In the Renaissance society, clothes, fabrics and jewels were among the main criteria to distinguish different social clusters.
During the XVI century, luxury women’s clothes as well as embellishments and jewels became more and more sumptuous: this is due to the influence of elements coming from France and Spain.
We can follow the path of the XVI century fashion along the corridors of the Uffizi Gallery: three paintings will show the main changes occurred in this peculiar, fast-paced timeframe.
During the first half of the century, sottane (skirts) were often worn without any velvet decorations and necklines used to be wide and squared, as shown in the portrait of Lucrezia Panciatichi, painted by Agnolo Bronzino.

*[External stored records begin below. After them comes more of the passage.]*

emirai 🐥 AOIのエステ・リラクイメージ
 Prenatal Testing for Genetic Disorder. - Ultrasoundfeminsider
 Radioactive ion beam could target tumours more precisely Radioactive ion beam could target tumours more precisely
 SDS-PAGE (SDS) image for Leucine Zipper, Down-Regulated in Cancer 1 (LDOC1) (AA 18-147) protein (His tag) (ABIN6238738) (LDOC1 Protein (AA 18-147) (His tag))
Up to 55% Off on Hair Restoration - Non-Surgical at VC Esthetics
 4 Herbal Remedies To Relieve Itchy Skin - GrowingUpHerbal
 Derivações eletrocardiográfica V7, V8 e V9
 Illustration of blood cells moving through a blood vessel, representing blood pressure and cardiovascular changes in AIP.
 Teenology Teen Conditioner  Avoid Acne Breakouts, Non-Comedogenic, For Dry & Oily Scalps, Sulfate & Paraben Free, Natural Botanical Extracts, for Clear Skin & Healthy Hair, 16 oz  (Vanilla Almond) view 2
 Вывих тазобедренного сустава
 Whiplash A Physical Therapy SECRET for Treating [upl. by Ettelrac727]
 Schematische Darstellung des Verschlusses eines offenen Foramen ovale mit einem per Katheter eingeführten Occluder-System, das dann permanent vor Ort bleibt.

In the portrait of Eleonora di Toledo, Bronzino’s painting captures the dimensionality of the broccato (brocade) embroidered alla spagnola (according to Spanish trend). This is probably a way of celebrating the Florentine silk industry, decayed in the first difficult years of 1500 and later reborn under the reign of Cosimo I. Bronzino mastered the art of depicting details: a pomegranate motif stands out in the middle of Eleonora’s chest, representing the idea of fertility.
In the second half of the century, following the Spanish trend, squared necklines were replaced by new, pointed ones with embroidered collars and later with pleated ruffs. This peculiar change in fashion is visible in the portrait of Isabella de’ Medici painted by Alessandro Allori in 1560.
As jewels are linked to fashion, they change depending on the different styles of different ages. For this reason, jewels had a relevant role in Italian society during the Renaissance, also thanks to economic prosperity and the discover of new worlds full of raw materials.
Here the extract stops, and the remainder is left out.